Essence Prep will not appeal TEA’s decision, school founder and superintendent Akeem Brown said on Monday. Instead, its leaders plan to finish out the school year by focusing on the students they still have.

“The process is very costly. It’s resources that we would rather use this year to focus on kids and strengthen their academics,” Brown said, adding that appeals by schools in their situation almost never work.

Parents of Essence Prep students described the TEA’s decision as “sad” and “disappointing.”

“This is a humongous loss for our community,” one father said in a string of comments from a school messaging board that Essence Prep shared with the Report.

Had Essence Prep appealed, Brown said he would have asked TEA to consider the school’s growing enrollment and the academic growth the campus saw from its first to second year of operation, when it went from a 59 to a 67, going from an F to a D rating. Both ratings are considered failing, but it’s rare for schools to move a full letter grade in one year.

Later, the school added more students and grades, which caused it to slide back to a 59 for 2024-25.

“What that meant for us was that we had to start over, because these kids that joined us were two to three grades behind, and we had to test them right away,” he said. “Because of that increase of students, their academic gains were not there like the group that we have been working with the previous year.”

But early benchmark testing showed fast progress this year, Brown added. While only four of 360 students mastered math state tests last year, 27 students were projected to master the subject this year.

Brown also estimated Essence Prep would have had nearly 1,000 students by 2028.

Serving the underserved

At Essence Prep, 99% of students are considered economically disadvantaged and more than 70% are Black. The school, which grew in enrollment each year by adding grade levels and moving into a brand-new 70,000-square-foot building in 2023, needed more than three years to repair some of the education gaps on the East Side, Essence Prep’s leaders argued in response to the TEA’s decision to shutter the school.

For Brian Dillard, a third-generation East Sider who’s chaired Essence Prep’s school board since the charter school’s inception, the TEA’s notification was disappointing but not surprising.

“You have a campus that’s already struggling to service a community that’s historically been struggling, and you put these burdens on them, instead of having levels of support there,” he said Monday.

Founder of Essence Prep, Akeem Brown, asks Nikko Miramontes, 7, about his drawing in the arts and crafts room at Ella Austin Community Center in July 2021. Credit: Bria Woods / San Antonio Report

Dillard, currently an executive at VIA Metropolitan Transit, was also instrumental in opening Essence Prep. During an interview with TEA staff years ago, he said the school would take a “holistic and student-centered approach” focused on a student’s journey of self-discovery.
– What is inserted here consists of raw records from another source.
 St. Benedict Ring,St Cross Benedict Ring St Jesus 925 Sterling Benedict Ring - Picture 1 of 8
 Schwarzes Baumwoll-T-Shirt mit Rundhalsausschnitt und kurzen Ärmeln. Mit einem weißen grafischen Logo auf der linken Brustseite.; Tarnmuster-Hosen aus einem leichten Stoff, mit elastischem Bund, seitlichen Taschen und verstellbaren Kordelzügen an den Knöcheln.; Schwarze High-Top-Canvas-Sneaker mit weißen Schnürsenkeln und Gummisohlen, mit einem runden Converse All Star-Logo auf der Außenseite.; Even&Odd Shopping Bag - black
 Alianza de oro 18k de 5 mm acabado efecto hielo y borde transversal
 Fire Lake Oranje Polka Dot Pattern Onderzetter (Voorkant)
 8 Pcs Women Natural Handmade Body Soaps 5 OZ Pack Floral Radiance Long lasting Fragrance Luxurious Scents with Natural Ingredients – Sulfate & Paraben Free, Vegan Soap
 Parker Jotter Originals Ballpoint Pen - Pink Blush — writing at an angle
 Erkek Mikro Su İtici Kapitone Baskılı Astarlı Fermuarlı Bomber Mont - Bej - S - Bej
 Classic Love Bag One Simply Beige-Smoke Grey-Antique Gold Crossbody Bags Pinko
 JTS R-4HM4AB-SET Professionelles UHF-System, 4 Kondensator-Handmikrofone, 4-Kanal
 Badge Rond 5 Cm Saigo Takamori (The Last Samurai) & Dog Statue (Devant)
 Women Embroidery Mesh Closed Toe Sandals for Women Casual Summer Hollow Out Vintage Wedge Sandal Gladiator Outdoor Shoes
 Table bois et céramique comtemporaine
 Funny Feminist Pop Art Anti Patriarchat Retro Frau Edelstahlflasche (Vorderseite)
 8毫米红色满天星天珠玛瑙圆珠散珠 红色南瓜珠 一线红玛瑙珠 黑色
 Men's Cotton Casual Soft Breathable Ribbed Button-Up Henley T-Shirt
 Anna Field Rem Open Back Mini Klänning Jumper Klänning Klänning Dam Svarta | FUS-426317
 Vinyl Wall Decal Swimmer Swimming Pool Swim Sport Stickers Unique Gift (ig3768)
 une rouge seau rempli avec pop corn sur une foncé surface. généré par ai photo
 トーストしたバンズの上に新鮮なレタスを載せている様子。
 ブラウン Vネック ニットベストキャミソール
Despite that, “we’ve struggled since the day we started,” Brown said.

In fact, the decision to close the school is not the first time Essence Prep has gotten bad news from the agency. In 2022, after the state board of education approved the charter 11-3, TEA ordered the Essence Prep to remove “anti-racist” quotes and languages from its website before opening its doors.

Outside regular schooling, Essence Prep offered free uniforms, free meals and after-school programming. Trying to attract more students, the school also launched new career technical education programming and a gifted and talented program.

In hindsight, Brown and Dillard admitted they would have done some things differently in the school’s three — now four — years of operation, but they don’t believe it would’ve changed the TEA’s decision to close the school.

“We’re stuck in this situation of we’re trying to correct a disservice that has been done to a community for decades,” Dillard said. “That doesn’t happen in three years.”

What happens now?

Earlier this year, Essence Prep, like any other school district with failing schools, was required to submit a turnaround plan to the state.

Brown worked on the plan for months, gathering staff and community input and submitting the plan in September, but said he never received a response from the TEA until the closure notice landed.

TEA will appoint a conservator to oversee Essence Prep’s closure after the holiday break, a cost the charter is on the hook for paying at $250 an hour.

Operating first out of community centers and churches, the school eventually moved to a new building off South East Loop 410 built specifically for Essence Prep through a $17.7 million bond awarded to the school for its “story and mission.”

Public Finance for D.A. Davidson & Co., the finance firm that underwrote the bond, will now have to decide what to do with the building, a facility several community organizations and nonprofits also have access to, Brown said.

Essence Prep is partnering with the School Discovery Network, a local school-choice organization that helps pair families with schools in the area, and hosting an open house for families Jan. 15 to help students find slots elsewhere. School officials will share more details with Essence Prep families.

The charter’s board also wants to have a “transition plan” in place for every student ahead of its last day of classes June 3.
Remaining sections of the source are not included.